李白乐于山水泉林之中,心清气正,以山水造境。李白的自然林泉生活所体现出的旷达怡乐的审美旨趣,触景生情,即景成咏,将自然山水景色与心性融合,熔铸于艺术意境之中,营造出心物、情景、意象一体交融的诗意化境域。这种诗意化境域与旨趣是李白借由虚实相生、情景相融、动静结合构筑出来的。李白就在这之中达成其人生抱负,游乐于山水自然之间,居高临下,俯览全景,观松赏杉,视野开阔,景象壮阔,投身于自然山水之中,而超然山水外,心神早已与山水融为一体,无惧悲喜,悦耳、悦目、悦心,心胸得以开阔畅然。李白诗歌之自然审美意识的形成受到老庄美学的深刻影响。在他的诗歌中,“人”与自然物我一体、和谐共生。他尊重生命、仁爱万物,把人的自然化和自然的人格化和谐地统一在一起,表现出对自由闲适生活的向往。

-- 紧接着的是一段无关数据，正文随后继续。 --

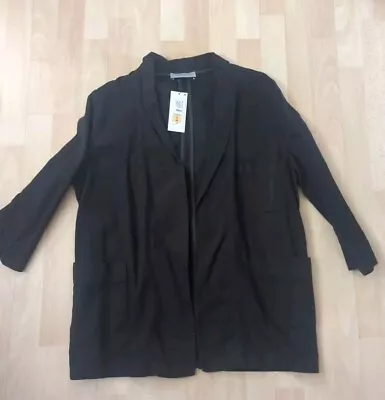 M&S Marks Spencer Per Una 3/4 Sleeve Kimono Blazer Black Size 6 BNWT  • £4.50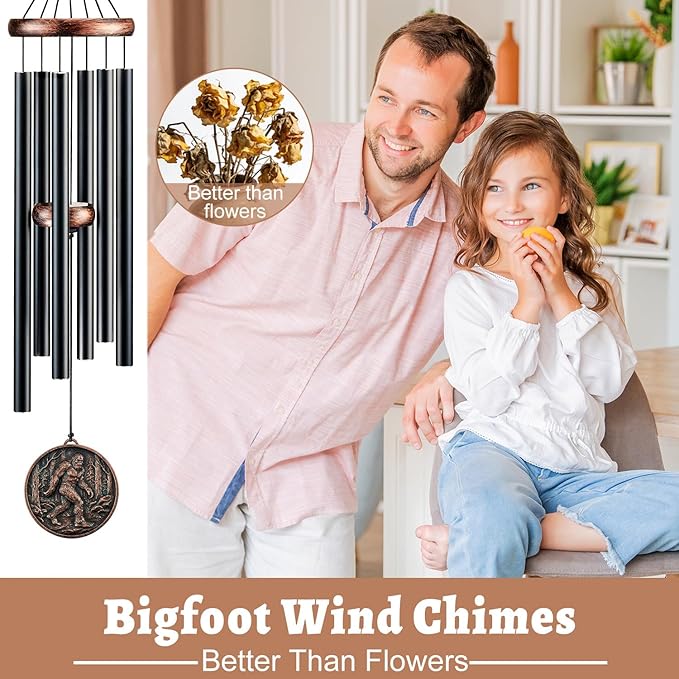 Bigfoot Wind Chimes for Outside - 32" Deep Tone Sasquatch Wind Chime Outdoor, Father's Day Christmas Birthday Gifts to Dad Grandpa, Big Foot Memorial Sympathy Wind Chimes Garden Yard Decor
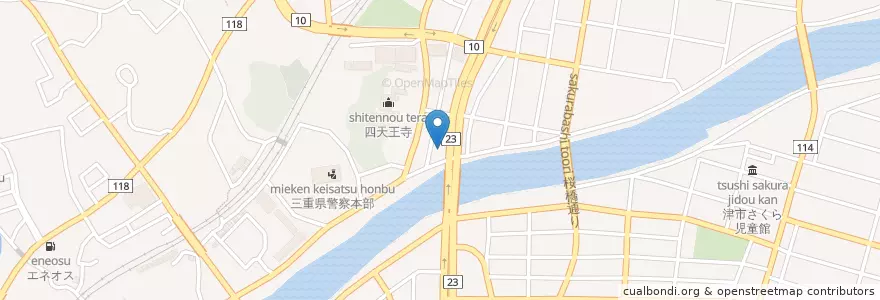 Mapa de ubicacion de 津塔世橋郵便局 en Japan, Präfektur Mie, 津市.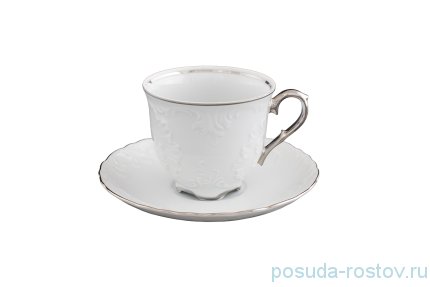 Набор чайных пар 250 мл 6 шт &quot;Рококо /Отводка платина&quot; / 204832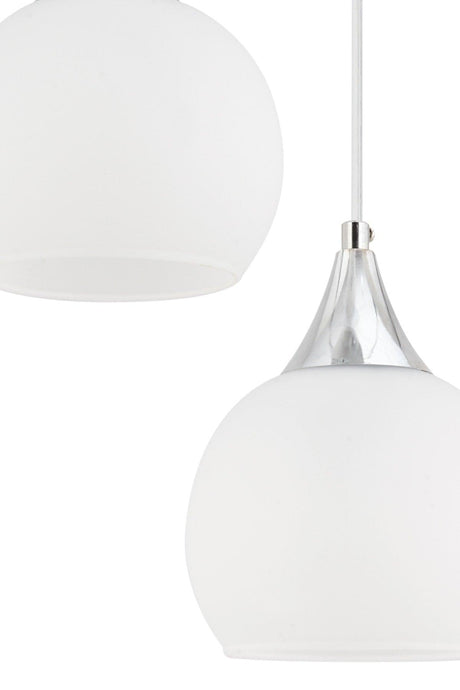 Pendant Lamp 3 Piece Silver Case White Opaque Glass Chandelier - Swordslife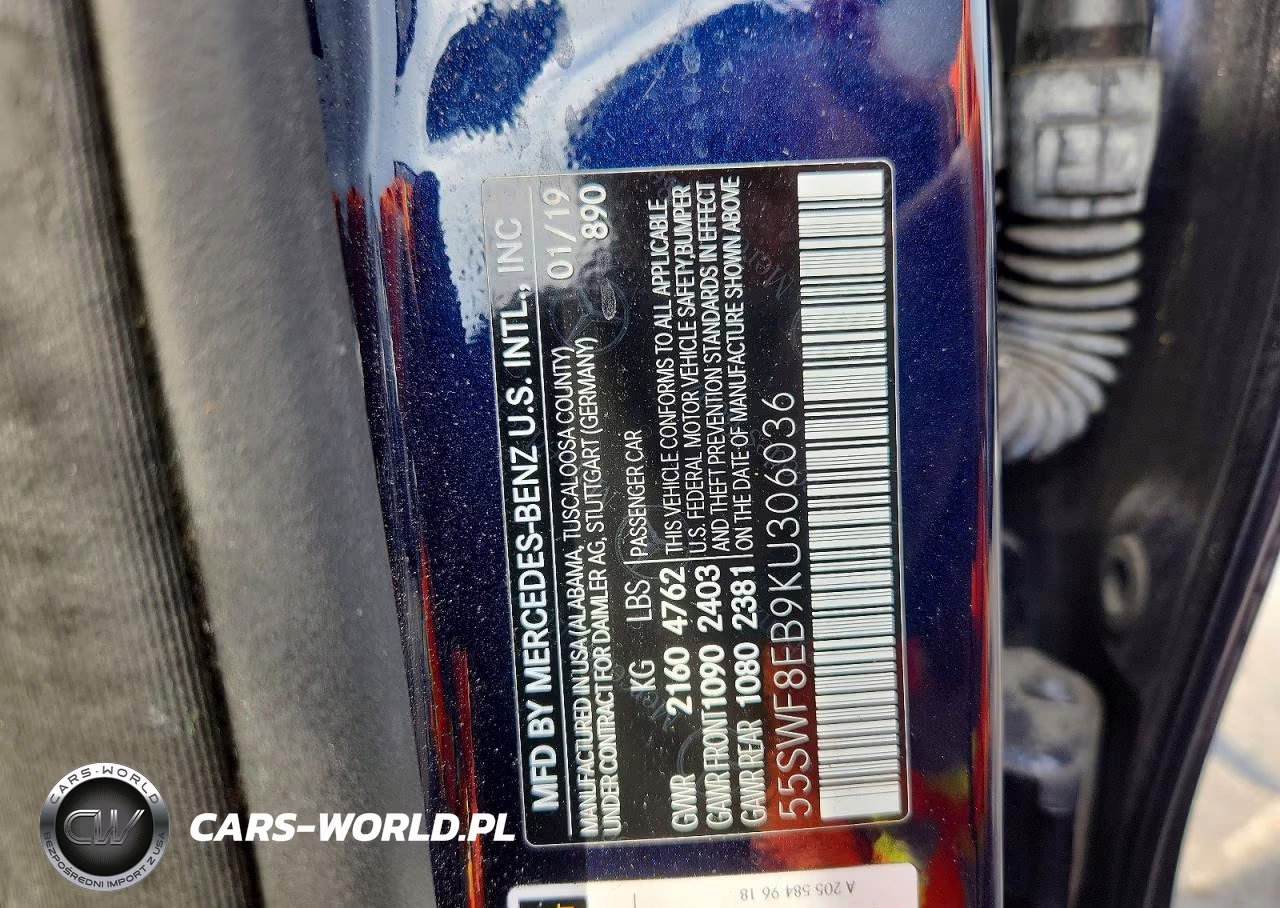 2019 Mercedes-Benz C 300 4Matic VIN:55SWF8EB9KU306036 - 12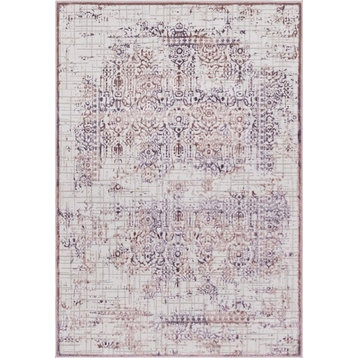 Country and Floral Glencoe 4'x6' Rectangle Lavender Area Rug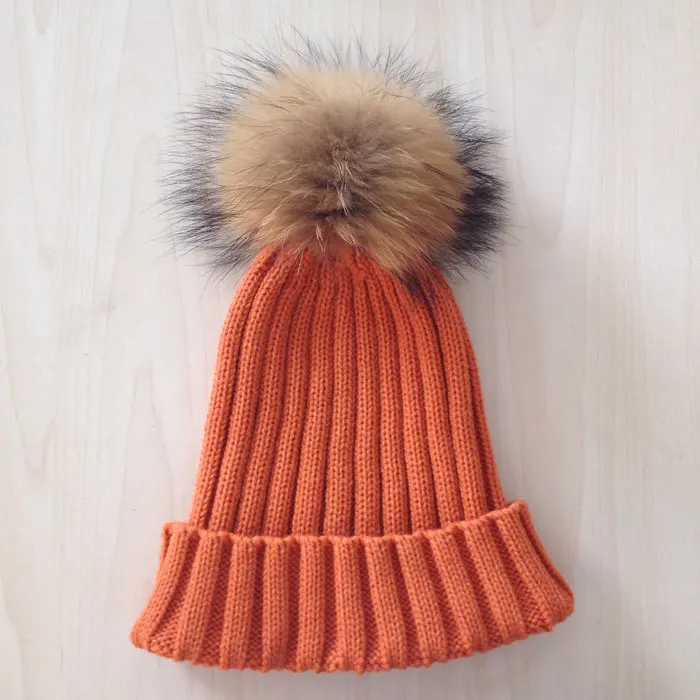 Зимой beanie связанный шлем меха образный колпачок для женщин и теплые зимние человек трикотажные шапочки ёенщин крышки и меховой шапке - Цвет: orange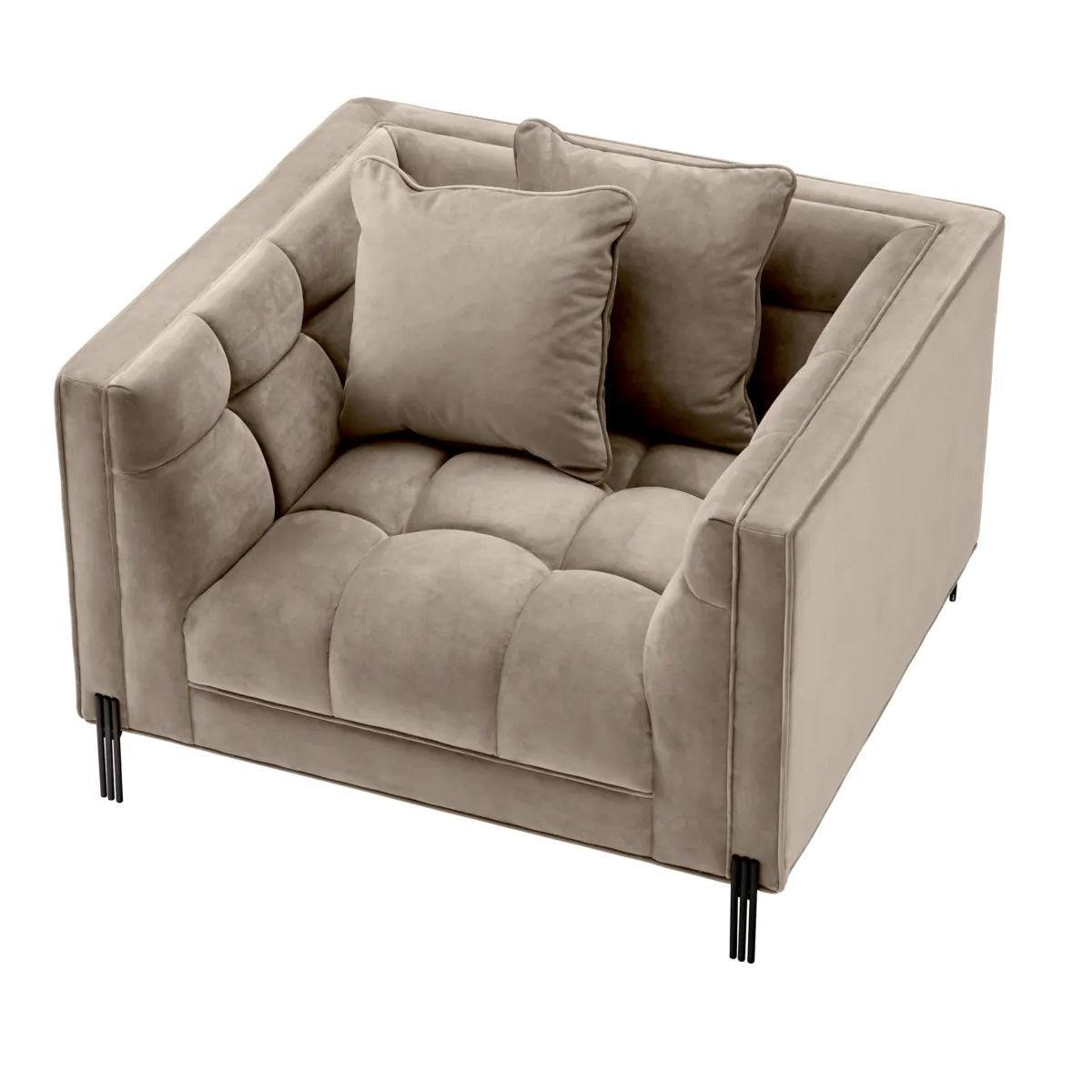 Fotel aksamitny SIENNA beżowy Eichholtz Eye on Design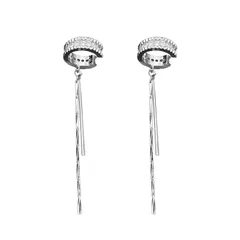 Doyime イヤーカフ レディース ノンホールピアス イヤカフ イヤリング チェーン 金属アレルギー対応 ピアス穴不要 ジルコニア 揺れる 人気 軟骨 大ぶり 両耳セット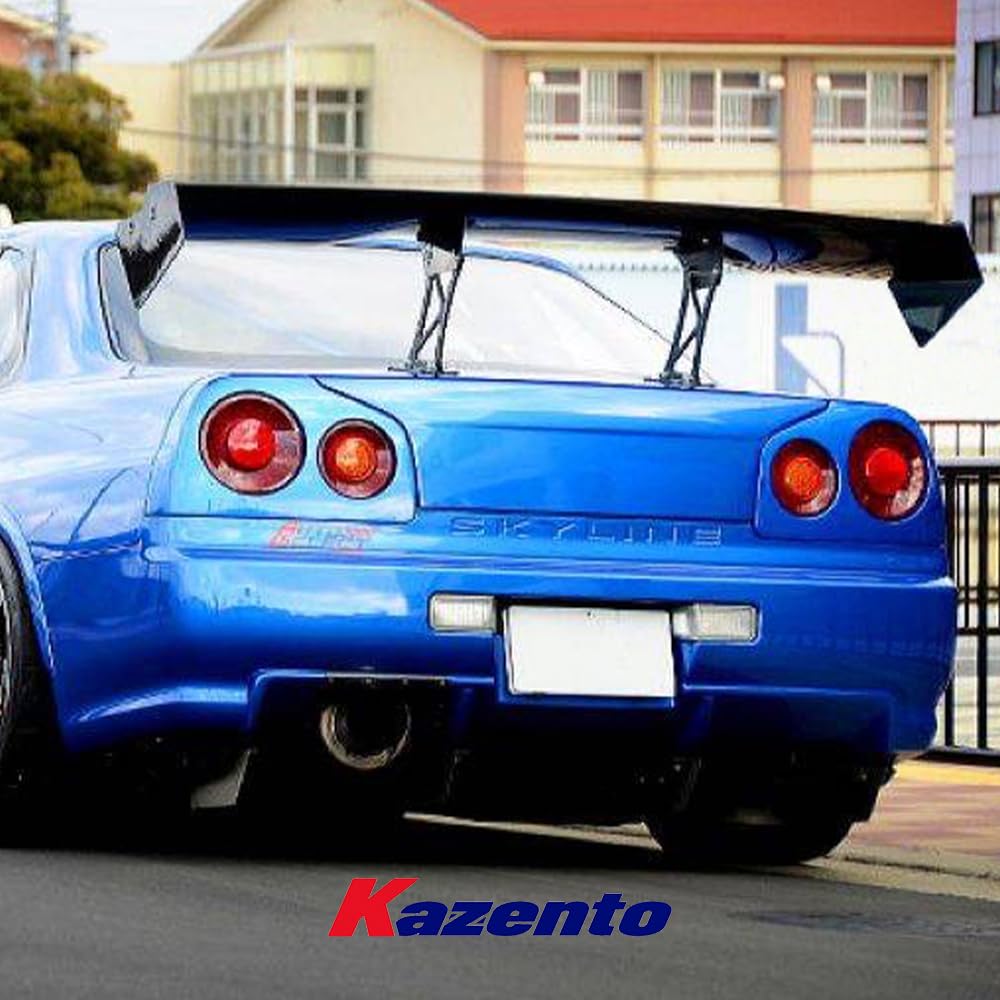 Kazento For Nissan Skyline R34 GTT GTR AUTOSLK Style Carbon Rear Trunk GT Wing Spoiler Kazento Carbon Parts 车身侧板 R34-RS-AS-KD-CF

李白的一生充满了出世与入世、积极与消极、清高与世俗之间的矛盾。他遗世独立、狂放不羁、求仙访道、啸傲山林。李白诗歌之自然审美意识的形成离不开老庄美学说的影响。自然万物皆生于“无”,“人”与万物都是万有大化的有机组成部分,应相互亲和,彼此尊重,相互融合,一体浑然。“人”与自然万物互依互存、协调一致、和睦相处、不分彼我,“天地与我并生,而万物与我为一”。“人”要进入诗意化、审美化境域,只有忘却人世的一切烦恼,修身养性,保持自然恬淡的审美心态,澄心静意,虚明心境,最终达到“天人”相与相和、人心与物意相交相融的境界。李白诗歌就体现了这种“意象一如”“情景一体”“天人交与合一”的生态审美意趣,以仁心仁性爱护天地自然间的万有万物。树木、花草、林野、星辰、端木、茅草、枯株、朽木、香草、美人、瑶草、奇花都入其诗作,如其《赠江油尉》诗云“岚光深院里,傍砌水泠泠。野燕巢官舍,溪云入古厅。日斜孤吏过,帘卷乱峰青。五色神仙尉,焚香读道经”[1]279,无限的生机与活力,与人和谐相处,其乐融融;又如《山人劝酒》云“春风尔来为阿谁,蝴蝶忽然满芳草”[1]190,诗歌描写了蝴蝶翩翩飞舞的轻盈可爱;又如“春阳如昨日,碧树鸣黄鹂。芜然蕙草暮,飒尔凉风吹。天秋木叶下,月冷莎鸡悲。坐愁群芳歇,白露凋华滋”[1]55,春光明媚中,黄鹂鸟在婉转地鸣唱;《秋浦歌(其三)》云“秋浦锦驼鸟,人间天上稀。山鸡羞渌水,不敢照毛衣”[1]67,美丽的锦鸵鸟极其珍贵,举世无双;又如《荆门浮舟望蜀江》诗云“迤巴山尽,遥曳楚云行。雪照聚沙雁,花飞出谷莺。芳洲却已转,碧树森森迎。流目浦烟夕,扬帆海月生”[1]188,人静源于心静,山涧流水,寂静无人,花自开落,景色繁多,空灵娴静,花落鸟鸣,宁静淡泊,有声有色,生意盎然。一片化机,非复人力,诗情画意。心真意闲,超越世俗杂念,留下了想象的空白,心境洒脱,本自天成,妙手偶得,清幽绝俗,万籁都醉,富有生机。雪白的大雁,美丽犹如花儿一般的黄莺。天真可爱、如童稚嬉戏似的禽鸟,与诗人酷望自由与热爱自然之心契合。诗人怀着一颗仁民爱物之心,平等地对待世间的一切生灵。如其《留别王司马嵩》诗所云:“鸟爱碧山远,鱼游沧海深。”[1]126鸢飞鱼跃,各得其所。如其《春日醉起言志》诗所云:“觉来盼庭前,一鸟花间鸣。借问此何时,春风语流莺。”[1]201在自然山水中,诗人寻觅到了心灵的家园,找到了避风港与憩息所在。李白以其自然本真的诗性精神在诗坛上独树一帜,尤其是他独特的审美旨趣与诉求,或“本色清纯”“本真自然”,或豪放俊宇,呈现了其特有的情趣指向和意趣情愫。从其自然本真的诗性精神中,我们可以体会到诗人的胸怀与仁心仁性。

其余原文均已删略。